My Tale Part One: Requiem for an Automobile

Where to Start

About 6 months ago my current car began a slow downward spiral of quality. I never loved this car particularly much, but nonetheless it had served me well for nearly an entire year. My car had braved the frozen tundra of Cleveland’s winter and survived. Not even two foot tall snow drifts could slow down this absolute beast of a car.

My 1995 Buick Century Special Sedan; you put the special in “Special Sedan”. With your mighty four cylinder roaring, you seethe with several horsepower. You barrel down the street with no regard for human life, with your turn signal silently blinking, no need to make a noise to the driver telling him that the turn signal is on. You know he’s going to turn right, eventually. You stalwartly defend yourself from passengers, no need to let them in until the driver is safely in the car.

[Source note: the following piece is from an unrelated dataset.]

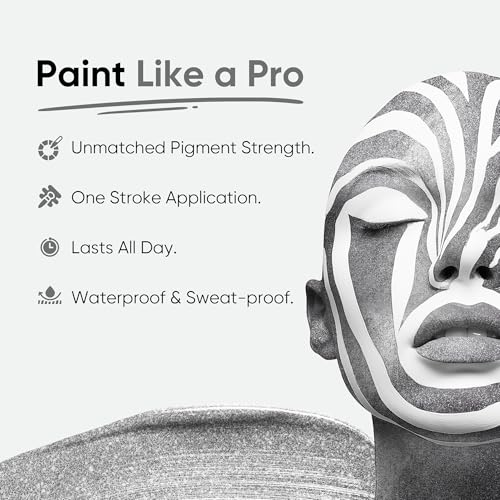 Blue Squid PRO Metallic Silver Face Paint Stick - Waterproof Silver Body Paint Adults & Kids Eye Black Baseball, Eyeblack Softball -Hypoallergenic Twist-Up Non-Toxic Makeup Stick Cosplay, Sports & SFX - color: Metallic Silver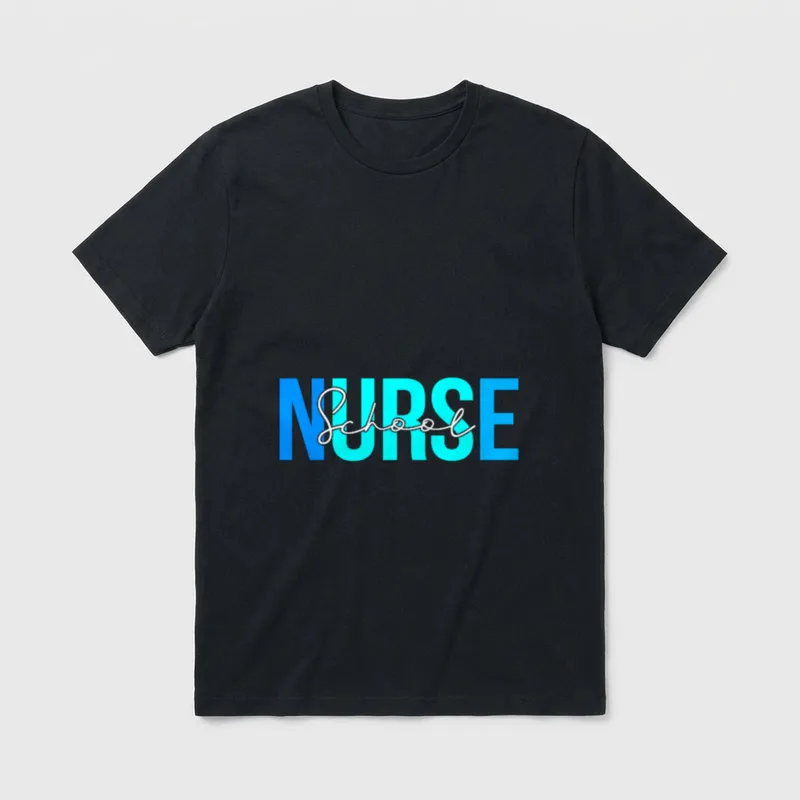 School Nurse Double-needle T-Shirt – Bold blue NURSE letters layered with white School script – Classic T-Shirt in Black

So what has crippled this mighty automobile, this Thor’s chariot?

It doesn’t have a brain.

Yes, some idiotic GM engineer in 1995 decided it was a good idea to cram as many electronic components into this econo-car as was technically possible at the time. Probably so they could all fail at the same time and leave the car a witless dullard. Thank you, GM Engineer. Bravo.

When I even think of touching my brake pedal the car gets really flustered, like a patient with a lobotomy gone wrong the car has no clue what it wants to do. According the scan done at the auto shop my Buick thinks it’s going zero miles an hour and is decelerating at a value approaching negative infinity miles per hour, simultaneously…at all times. My poor flustered car reacts to this information by fully activating my anti-lock braking system at all times.

If you are unfamiliar with what this is like imagine that stepping on your brakes on the highway at 70 miles an hour makes it feel like you are careening through a split log and caltrops factory at roughly the same speed. At lower speeds the effect is much more subdued; more akin to you and your passengers being really into the music on the radio, uncontrollably bobbing along to the beat.

To Fix or Not to Fix

For those who aren’t in the know about cars: this is extremely dangerous. Any time your brakes are doing something other than fully being applied you are going to take longer to stop. This isn’t a problem in the winter when you already stop early because of inclimate weather, but in the summer when everyone else is stamping on their brakes and actually stopping it is only a matter of time until I’m threatening my continued existence.

Remember how I said a shop scanned the computer on the car. Well, they also gave me an estimate for my car: don’t fix it. To replace the burned out ABS sensors alone (which were all they could do) would be three times the net worth of the automobile. Total repairs, much of which would need to be done at a dealership, would total in excess of $4,000.

So what car do I get to replace this piece of shit?